Un enfant se sent fragile et il l'est. Il a donc davantage besoin de sécurité encore qu'un adulte. Ses parents sont donc là pour le rassurer. Il faut lui expliquer que les adultes sont là pour le protéger, ses parents, ses enseignants, la police, le président et les ministres : tous les adultes sont là pour protéger les enfants contre la violence. Lui dire : « nous ferons toujours TOUT, vraiment tout pour te protéger ». Insister aussi si c'est le cas, sur le fait que ça s'est passé loin de lui, dans une autre ville, un autre quartier.
Un enfant a tendance à imaginer un monde centré sur lui. Il faut donc lui expliquer que tout cela n'a rien à voir avec lui, que ces événements violents concernent le monde des adultes et que lui peut continuer à jouer, à vivre sa vie.
Lui permettre d'en parler.
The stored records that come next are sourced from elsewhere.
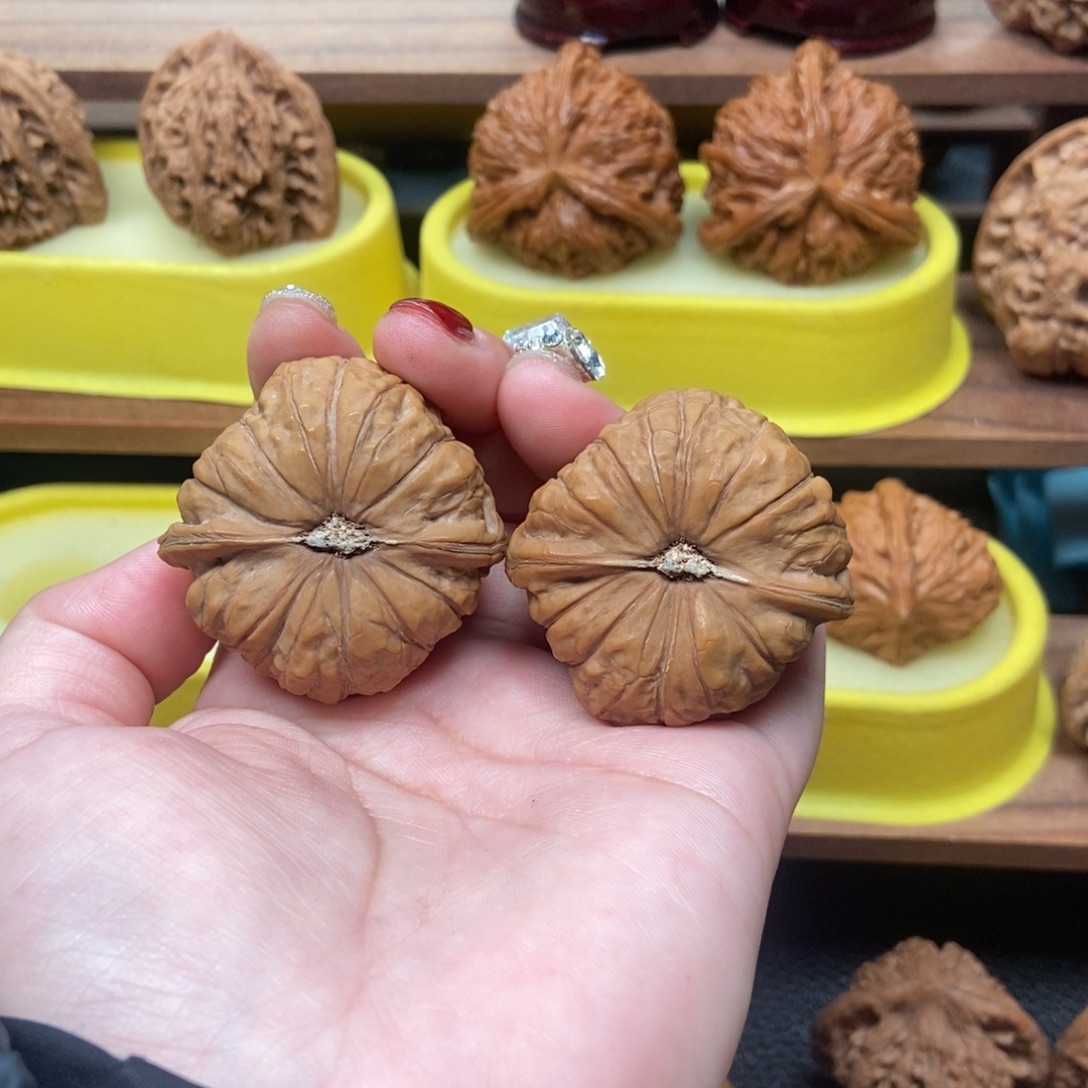 默***核桃手串/手链南瓜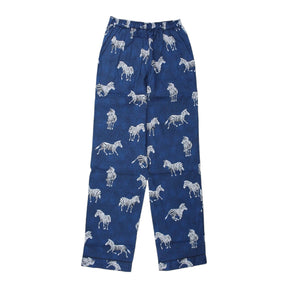 Hush Elsa Blue Zebra Pyjama Set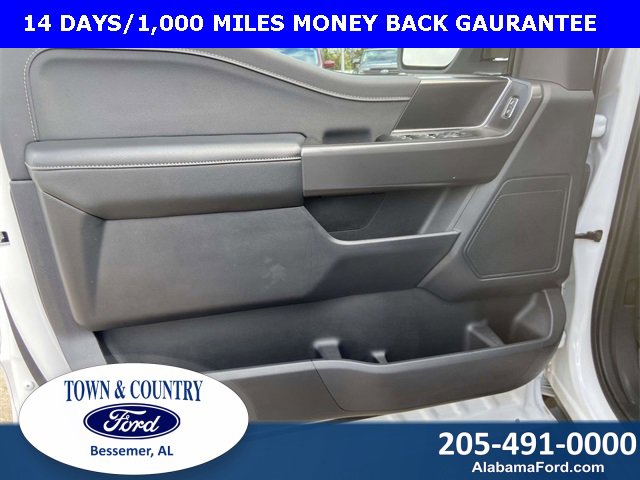 Certified 2024 Ford F150 XLT w/ Equipment Group 302A MID image 13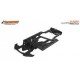 Chasis 3DP Scaleauto R8 LMS para Soporte Motor RT4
Les parents peuvent lui expliquer que si cette violence le tracasse, il peut venir en parler. Cela lui permet d'exprimer ces peurs et de l'aider à les dénouer, à le rassurer.
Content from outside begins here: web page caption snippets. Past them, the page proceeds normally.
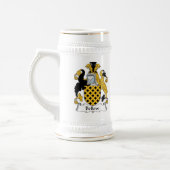 Bellew Family Crest Bierpul (Links)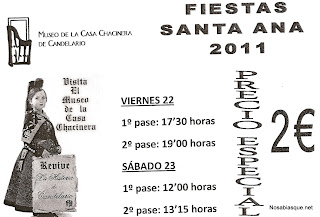 Museo de Candelario Salamanca oferta fiestas 2011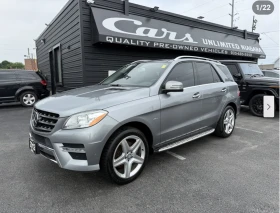  Mercedes-Benz ML 350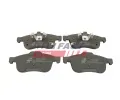 FAST Sada brzdovch destiek ‐ FST FT29177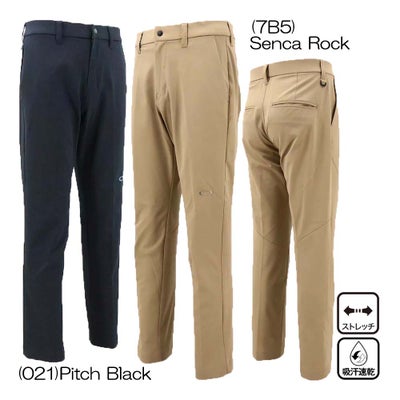 オークリー（Oakley） Oakley Versatile Straight FOA408775 メンズパンツ 26春夏モデル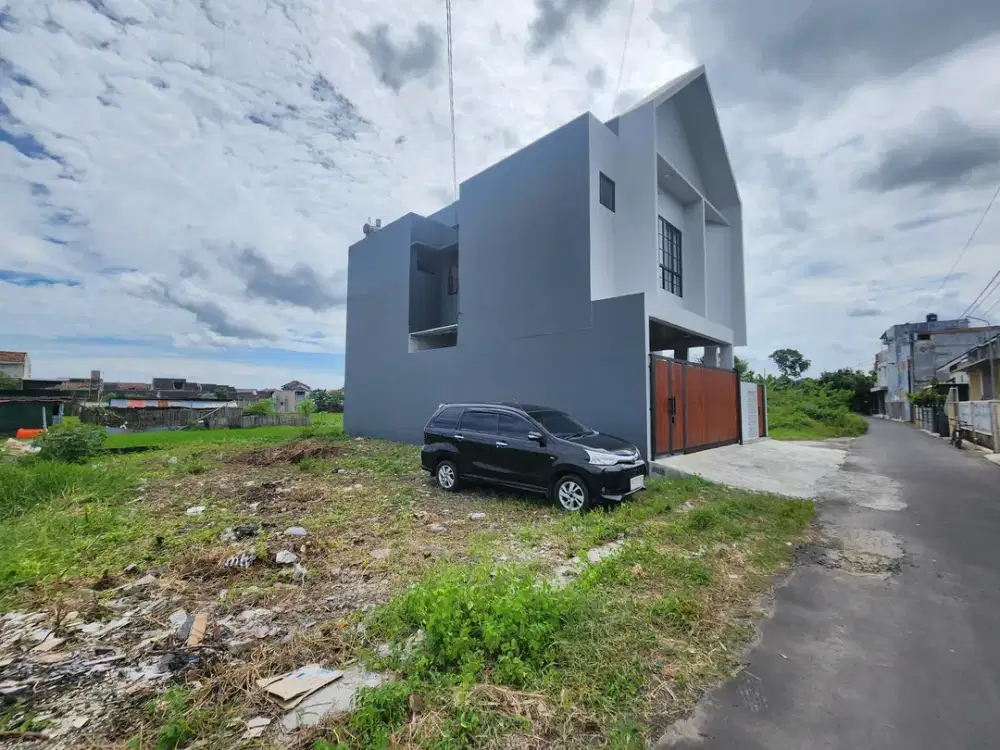 Jual Tanah Jogja di Jl. Jambon, Trihanggo, Dalam Ringroad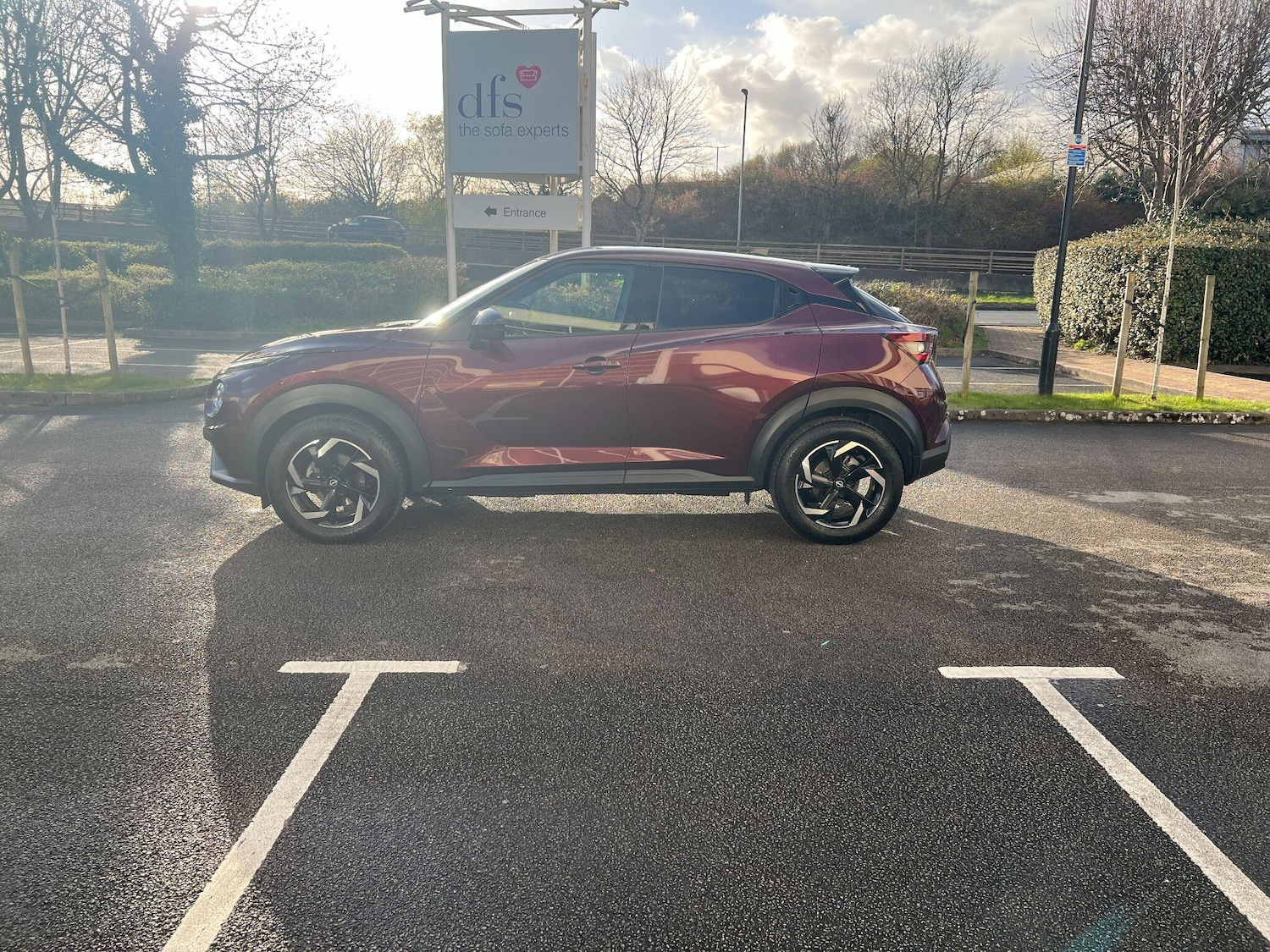 Used Nissan Juke 2023 for sale - 78034101: Photo 5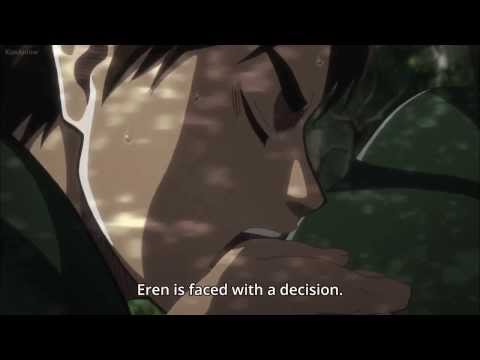 Attack on Titan episode 19 PREVIEW [Shingeki no Kyojin] HD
Quand l'enfant est âgé de plus de 6 ou 7 ans, il posera davantage de questions.
Même si l'enfant est plus grand, il faut éviter de l'exposer à des images sanglantes, des propos descriptifs insupportables. Cela est d'ailleurs valable pour les plus grands... et même pour les adultes. Se complaire dans ces descriptions d'actes de violence n'apporte que de l'angoisse et n'aide pas à réagir sainement.
Les explications doivent être adaptées à l'âge de l'enfant. Plus il est grand, plus il souhaitera des précisions et ne pas les lui donner pourrait l'angoisser. Mais il ne faut pas chercher à en dire davantage que ce qu'il demande ou que ce qui est nécessaire.
Rassurer un enfant, c'est d'abord lui dire que ses parents feront tout pour le protéger, mais aussi lui parler de la cité ! Notre pays est organisé pour se protéger, pour protéger ses citoyens, dont ses parents et sa famille font partie.
Après 7 ans, on a passé l'âge de raison, et l'on pense beaucoup, de manière souvent très intelligente. Il est bon d'expliquer à un enfant que garder sa peur dans sa tête ou dans son coeur est un poison. Il lui faut parler de sa peur, car ensemble, on est plus fort pour lutter contre la peur. Parler aussi de sa façon de voir les choses, ses pensées sur le monde. Lui permettre de devenir acteur du monde, même s'il est encore enfant. Car les idées se construisent très tôt.
Parler à un enfant des solutions l'aide à surmonter la peur. Il ne s'agit pas seulement de lui expliquer la répression contre les personnes violentes pour le rassurer.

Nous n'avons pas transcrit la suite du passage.